Im Rahmen des «Mobilitätskonzepts 2030» ging die Regierung vor zwei Jahren bereits der Frage nach dem Gratis-ÖV nach. Dabei kam eine Infras-Studie, man ahnt es, zum Schluss, dass die erwünschte Verlagerung vom Auto hin zum Bus sich in Grenzen halten würde. Dies deckt sich auch mit den Erfahrungen mit Gratis-ÖV in Luxemburg, Tallinn und anderen europäischen Städten. Studien zu Verbilligungen von Bus und Bahn wie dem 9-Euro-Ticket in Deutschland oder dem Klimaticket in Österreich kommen zu ähnlichen ernüchternden Ergebnissen. In Liechtenstein kommen praktische Probleme wie die Koordination mit den ÖV-Netzen der Schweiz und Österreichs hinzu.

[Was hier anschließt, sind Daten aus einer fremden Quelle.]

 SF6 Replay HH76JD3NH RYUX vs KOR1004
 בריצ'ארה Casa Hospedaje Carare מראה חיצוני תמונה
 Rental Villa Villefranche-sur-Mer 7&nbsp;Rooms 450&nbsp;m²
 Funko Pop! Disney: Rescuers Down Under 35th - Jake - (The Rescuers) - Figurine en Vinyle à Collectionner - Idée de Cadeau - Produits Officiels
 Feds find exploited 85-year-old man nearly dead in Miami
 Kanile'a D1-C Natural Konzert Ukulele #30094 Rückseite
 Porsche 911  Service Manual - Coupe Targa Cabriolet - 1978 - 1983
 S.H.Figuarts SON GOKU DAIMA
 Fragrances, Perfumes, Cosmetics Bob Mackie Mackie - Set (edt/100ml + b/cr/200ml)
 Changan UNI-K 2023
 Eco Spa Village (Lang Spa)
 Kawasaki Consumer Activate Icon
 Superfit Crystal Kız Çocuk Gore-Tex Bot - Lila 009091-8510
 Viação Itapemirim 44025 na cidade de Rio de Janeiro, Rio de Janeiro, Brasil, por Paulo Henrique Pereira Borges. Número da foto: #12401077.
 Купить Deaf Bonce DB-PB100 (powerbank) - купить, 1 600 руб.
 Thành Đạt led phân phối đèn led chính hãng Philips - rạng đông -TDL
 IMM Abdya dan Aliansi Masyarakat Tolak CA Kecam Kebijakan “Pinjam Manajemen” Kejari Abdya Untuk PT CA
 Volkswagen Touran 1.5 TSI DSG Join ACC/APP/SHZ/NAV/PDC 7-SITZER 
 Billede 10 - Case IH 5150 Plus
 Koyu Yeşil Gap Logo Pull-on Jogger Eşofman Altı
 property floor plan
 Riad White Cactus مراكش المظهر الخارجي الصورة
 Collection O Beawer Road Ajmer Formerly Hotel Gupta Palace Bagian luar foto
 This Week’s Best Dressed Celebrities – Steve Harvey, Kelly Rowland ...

Und ausserdem: Die Auswirkungen eines Gratis-ÖV dürften auch gering sein, weil Gemeinden und manche Arbeitgeber LIEmobil-Abos bereits finanziell unterstützen. Neben einer Vielzahl an ermässigten Tarifen erhalten zudem ab August Schülerinnen und Schüler sowie Lehrlinge mit Wohnsitz in Liechtenstein ein kostenloses Jahresabo für das Netz von LIEmobil. Für den Umstieg vom Auto sind weniger der Preis als die Frequenz und die Qualität des ÖV entscheidend.
1988, das Jahr des ersten Versuchs, ist schon lange her, die Welt hat sich seitdem verändert. Es liesse sich argumentieren, dass deshalb eine erneute Probephase nicht verkehrt sei. Es bleibt aber unklar, ob der Gratis-ÖV ein ökologisches, soziales oder verkehrstechnisches Problem lösen soll. Statt auf alte Rezepte zu setzen, sollten vielmehr Konzepte gewagt werden, die das tatsächliche Verkehrsproblem im Land anpacken: den Verkehrsstau zu den Stosszeiten. Der Vorschlag von Zukunft.li: Wer vor allem zu Spitzenzeiten die Strassen mit dem Auto nutzt, soll dafür auch bezahlen. Gleichzeitig soll die Motorfahrzeugsteuer abgeschafft werden. Unternehmen experimentieren bereits mit Parkplatzgebühren und ÖV-Verbilligungen. Auch so können Bus und Bahn attraktiver werden.
Gerald Hosp
Der Text ist am 6.6.2025 in "Wirtschaft regional" erschienen.